Cherise Wolas is the author of the new novel The Family Tabor. She also has written the novel The Resurrection of Joan Ashby. She has worked as a lawyer and a film producer, and she lives in New York City.

Q: How did you come up with the idea for this new novel, and for the members of your fictional Tabor family?

A: The fictional Tabors have been with me for a very long time. I first imagined them during a snowstorm when I was living in a small town in Washington.

They lived in a rambling house, knew how to speak a dead language, and the youngest child was a hemophiliac who created alter egos for himself. That first iteration is in a tiny story called "Aramaic" that was published in Narrative magazine.

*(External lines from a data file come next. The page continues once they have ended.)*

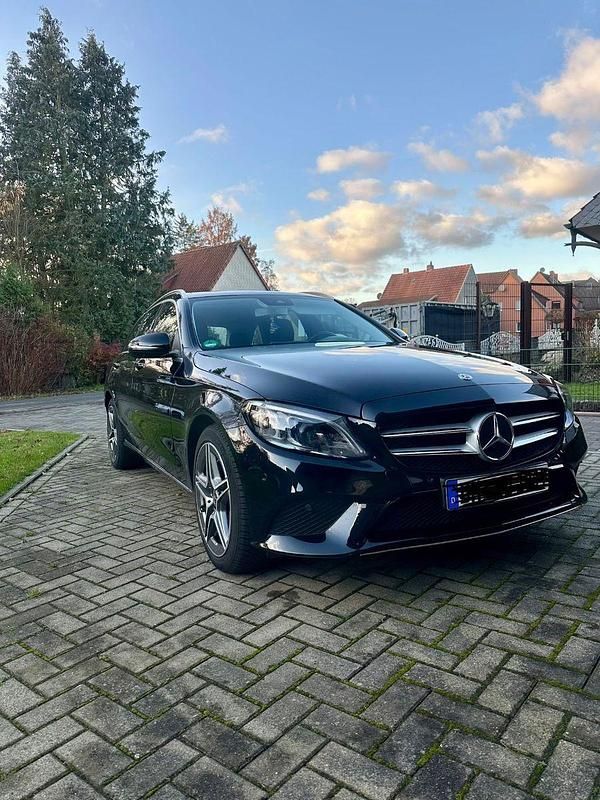Schwarz Gebraucht 2019 Mercedes C300 Avantgarde Kombi | 19.000 € (Guter Preis) - Bild 1/4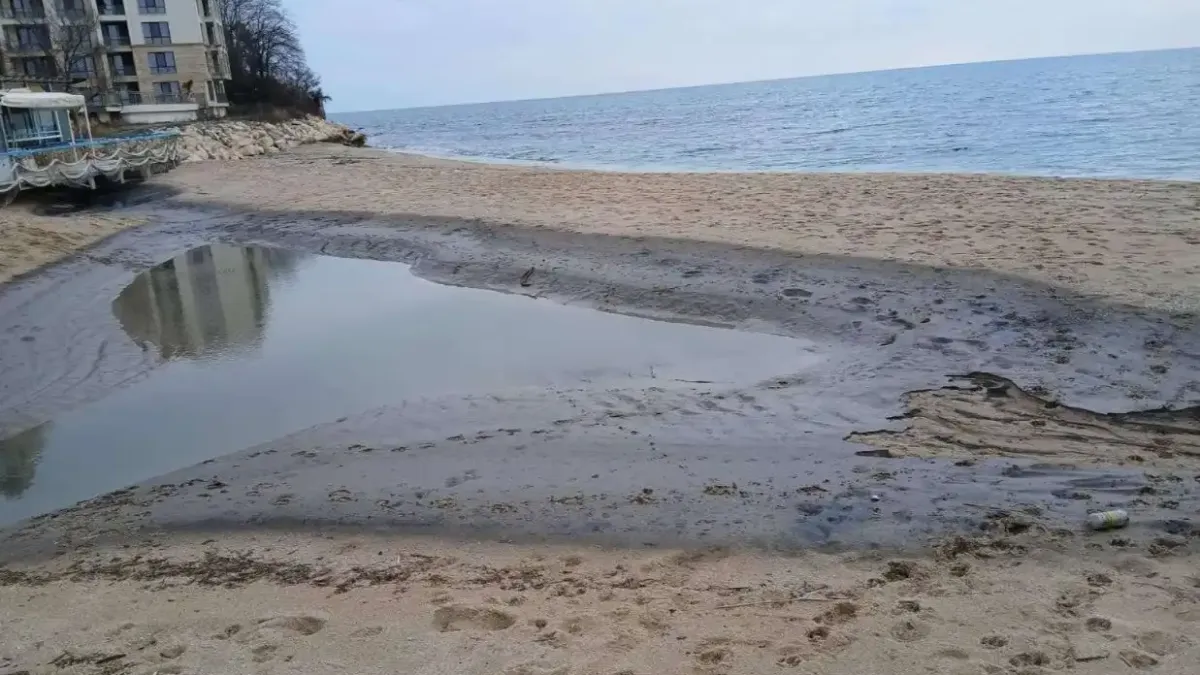 Замърсяването по морето се разширява: Нови мазутни петна край Синеморец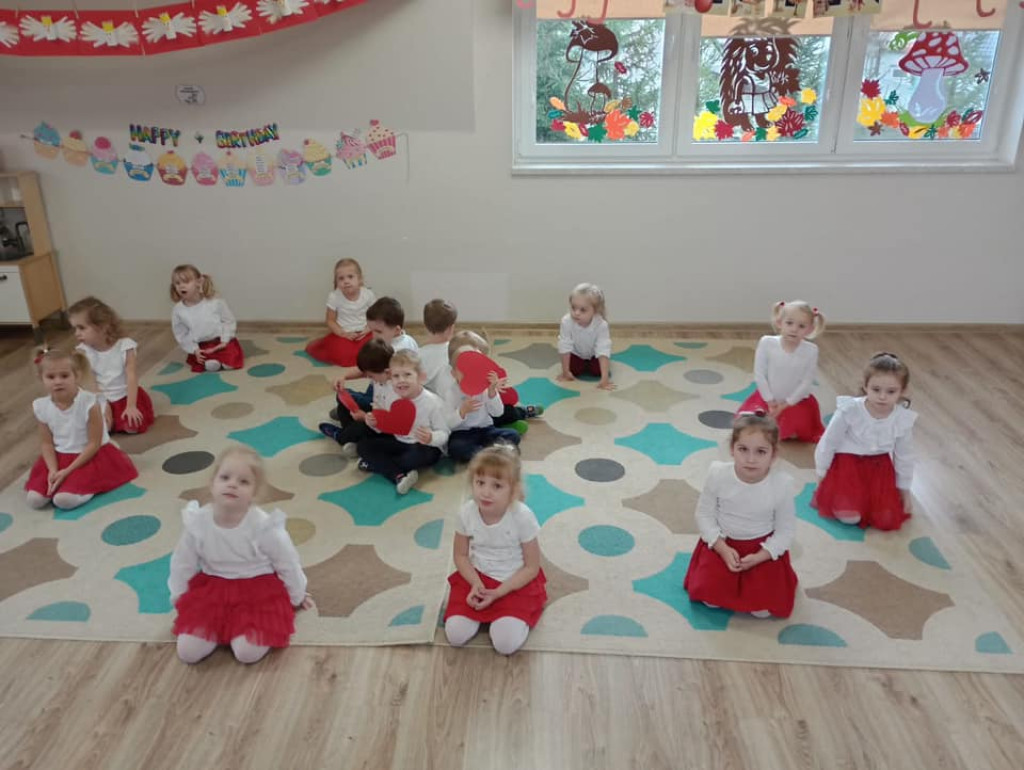 Święto Niepodległości w przedszkolu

Their second iteration was in a long story called "An Unexpected Conversion." A new version of the Tabors appeared. They were clarifying themselves as a contemporary family and refusing their quasi-magical components.

Their third iteration appears in my debut novel, The Resurrection of Joan Ashby. Joan Ashby is an acclaimed story writer and her second collection, Fictional Family Life, is about a 15-year-old hemophiliac named Simon Tabor and his alter egos; and a 15-year-old boy named Simon Tabor who throws himself off the roof of the family home because he’s sure he can fly; and his family and the doctor and nurses who repair his broken body.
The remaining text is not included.